The system is governed by a dedicated control subsystem that runs the system’s firmware. This firmware manages all of the compute and memory resources, communicates with the host through a dedicated interface, and manages the execution of jobs on the MTIA.
MTIAs were built into dual M.2 boards, which provide the interconnects and supporting hardware to interface them with a host system via PCIe 4.0 x8 links. As implemented by Meta AI, each host system contains twelve MTIA boards, which are connected directly to the host CPU. With the help of a hierarchy of PCIe switches, the MTIAs can also communicate directly with one another, without going through the host CPU. This allows for heavy parallelization with minimal overhead. That not only increases performance, but also energy efficiency.

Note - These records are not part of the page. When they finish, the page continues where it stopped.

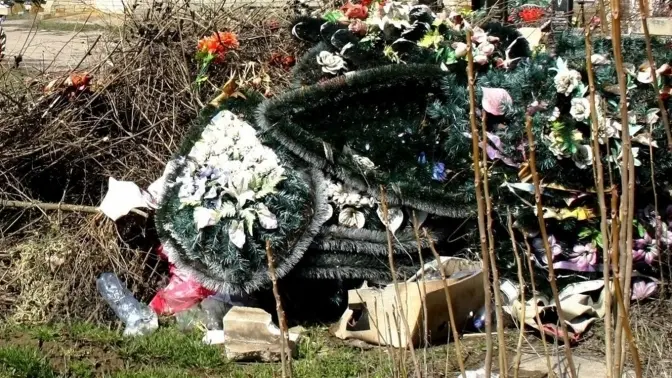Місцева влада на Київщині заборонила використовувати штучні квіти на кладовищах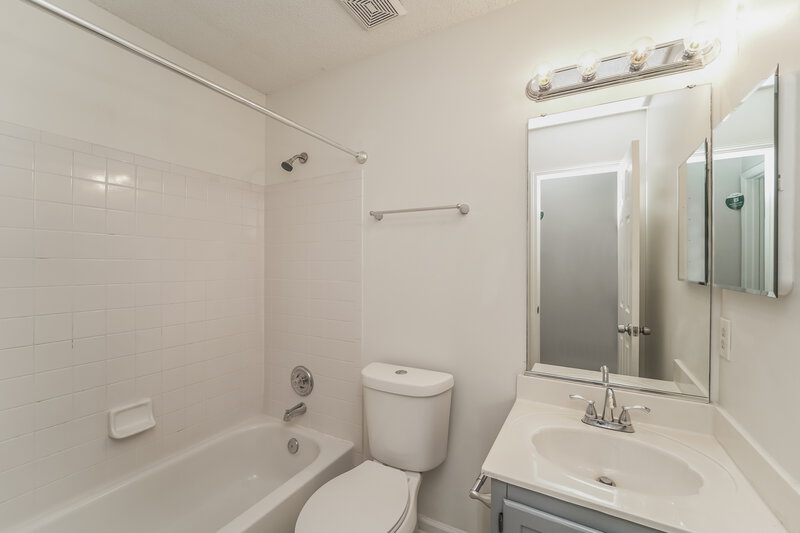 3,220/Mo, 5727 Hedgecrest Pl Charlotte, NC 28269 Bathroom View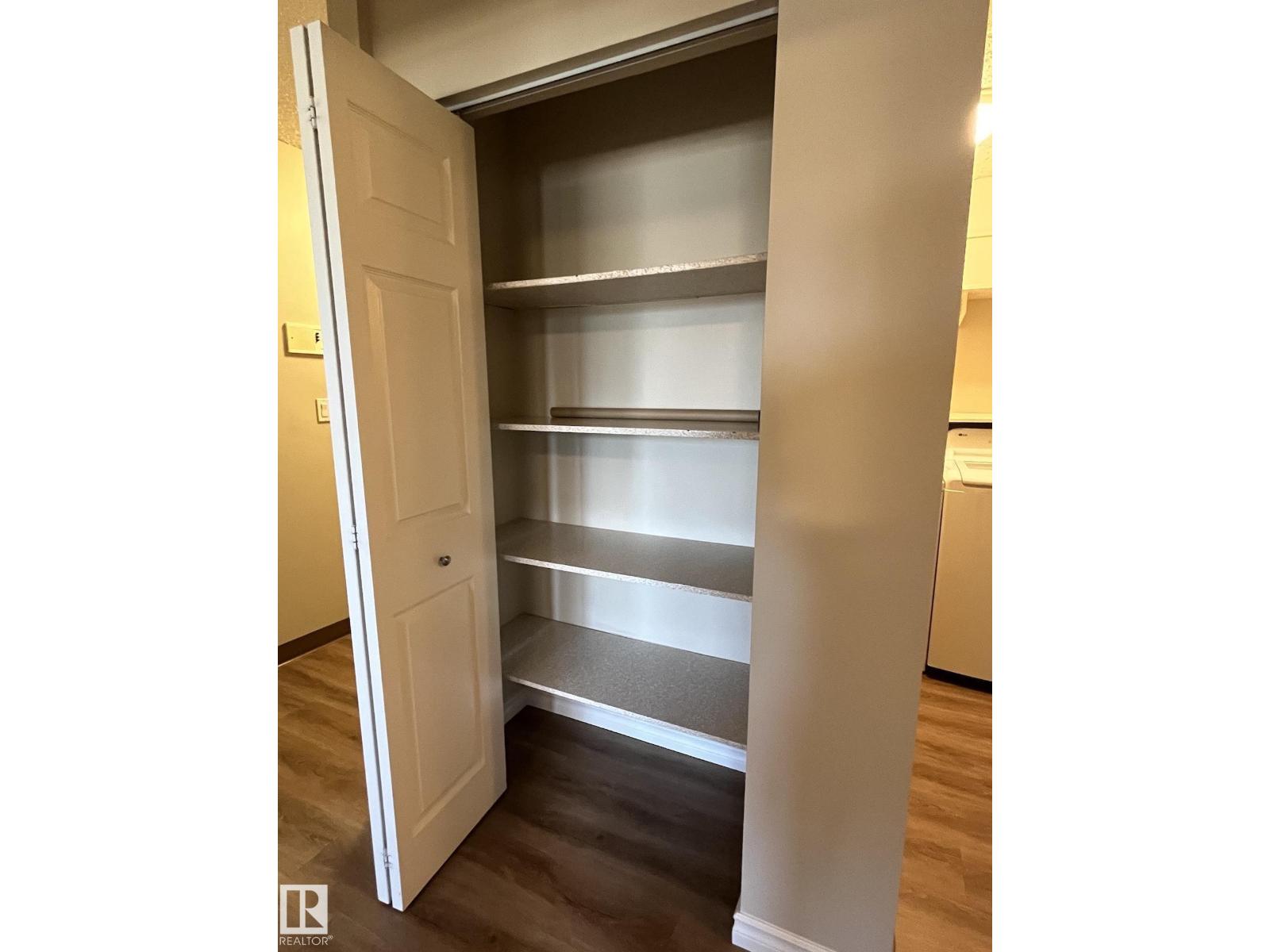 #205 51 BROWN ST - 19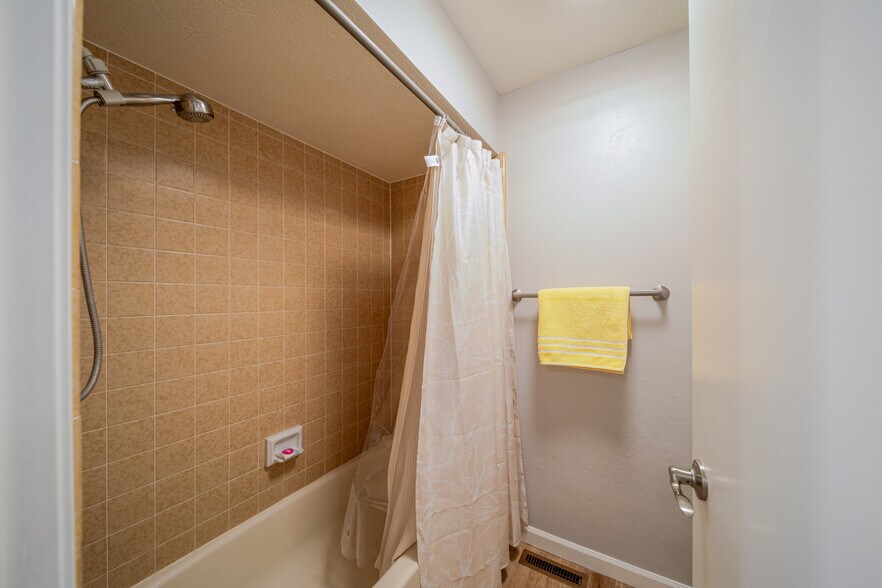 Building Photo - 3124 S Falling Brook Ln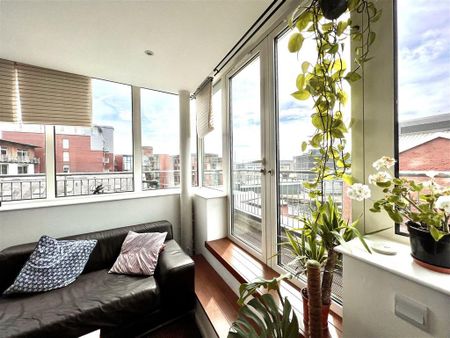 2 bedroom flat to rent - Photo 2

To understand how the finished MTIA chip stacked up against other AI accelerators, especially with respect to efficiency, and by extension, total cost of ownership, the team ran some experiments. The MTIA was compared with an NNPI accelerator and a GPU while running inferences against deep learning recommendation models of varying sizes and complexities. It was discovered that for lower complexity models, the MTIA more efficiently handled small shapes and batch sizes. But when the higher complexity models were evaluated, the GPU was found to be a better solution. The engineers explained that this is likely due to the fact that they are still optimizing their software stack, and they expect this result to shift more in MTIAs favor with a bit more work.
Meta AI is using the lessons that they learned in producing their own, custom silicon to develop better architectures and software stacks for future hardware. They believe that continuing down this path will lead to improved performance and scaling of future systems.